For a change, I’m gonna address the art sooner rather than later, because it is the best part of this book. Francavilla has, justifiably, built a reputation of doing killer pulp-style illustrations (the guy won a Eisner for cover work last year, for Christ’s sake), and that style is all over this book. There are pages in this book that could easily act as cover art for an old Street & Smith magazine, and yet they still advance the story. Francavilla works in a medium line with simple. almost minimalistic facial expressions and figures. but that doesn’t mean there isn’t any detail here; almost every page is packed with little bits of business and establishing bits of business, like the Egyptian artifacts scattered around Beetle’s headquarters that intimate where Beetle got his imagery inspiration from, to the description of the tranquilizer he uses in his darts. Francavilla uses interesting panel layouts, including some Art Deco patterns in some page designs to act as panel borders. The whole thing screams pulp… and it’s interesting, because some of his panel layout are decidedly non-standard, yet I can’t imagine even non comic readers having a problem decoding it. It is simply a beautiful, well-produced set of comic / pulp art.
And that’s a good thing, because the story here is, well, sparse. Don’t get me wrong, it’s not like it’s incomplete or loaded with plot holes or anything, but we’re dropped into things with very little explanation. Like: we have no explanation whatsoever as to who Black Beetle even is. We never even see the guy’s face, let along learn any of his motivations for fighting crime, or the means for his extensive array of Batman-style gadgets. And on one hand, this makes things a little bit confusing. But on the other, I keep thinking about every superhero movie I’ve ever watched where I’ve had to spend an hour waiting around through an extended origin story, being bored out of my tits waiting for something to finally fucking happen. So does it really matter who Black Beetle is and why he’s doing what he’s doing, beyond the obvious Egyptian / Scarab fetish? Well, on an infinite timeline, yeah, but for now, it’s a bit refreshing to just jump the hell in.
And by jumping in, Francavilla is able to deliver action from right out of the gate. Like any good pulp story, the action – and the guns – are the thing, and this issue delivers plenty of it. Hell, the things starts off with a guy on a roof blasting people with twin guns, includes an old-fashioned bar beating for information, and ends with a jailbreak. That’s a lot of action for 22 pages; it starts early on and it doesn’t let up. If nothing else, you get your money’s worth in this issue. And the period setting helps make everything come together; it isn’t vital for a story about this kind of adventurer, but the 1930s setting gives everything all the old-school pulp feel you could possibly want.

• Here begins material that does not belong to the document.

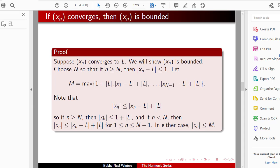So if n is greater than or equal to capital N, then the absolute value of Xn is less than or equal to 1 plus the absolute value of L. And if n is less than capital N, then Xn is bounded by the finite maximum already taken. So in either case, the absolute value of Xn is less than or equal to M.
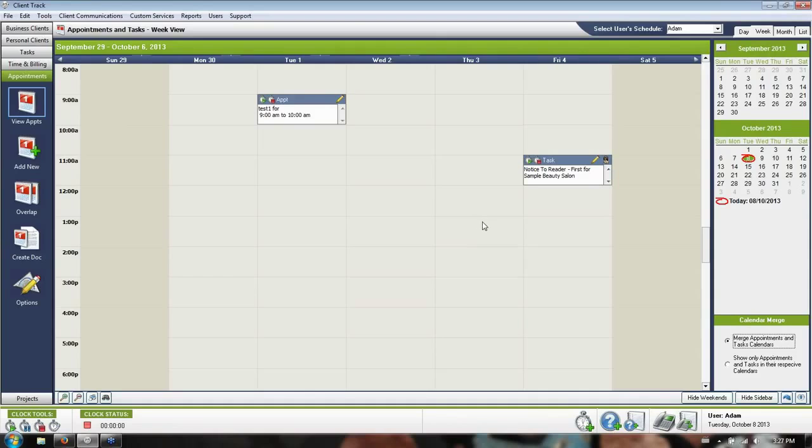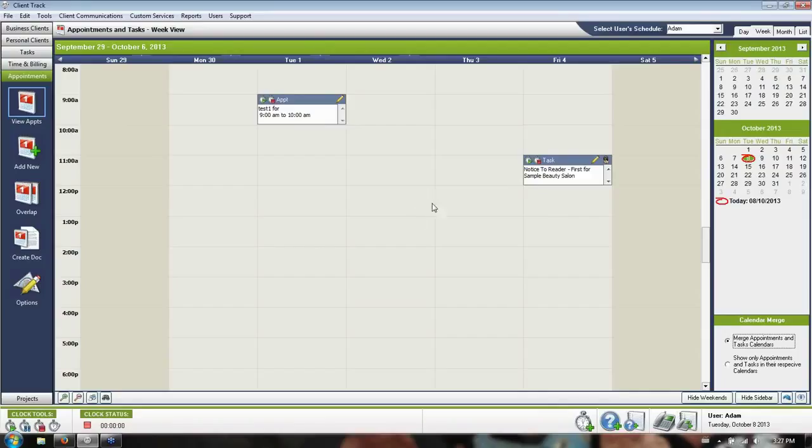Not only can I work my actual meetings around the times that I have to do the work in the system, but I can also see multiple calendars at the same time.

We could have an argument about whether The Black Beetle #1 is a pulp story or a superhero comic… and I am more than willing to have that discussion if you’re buying the beers. But either way, it has all the trappings and the feel of one of those classic stories, and is damn near required reading if you in any way like the old pulps. And it is fucking beautiful, even if you don’t. This is fun stuff that drops you right into the action, and if you don’t mind waiting to find out exactly why the action’s happening, you should give it a shot.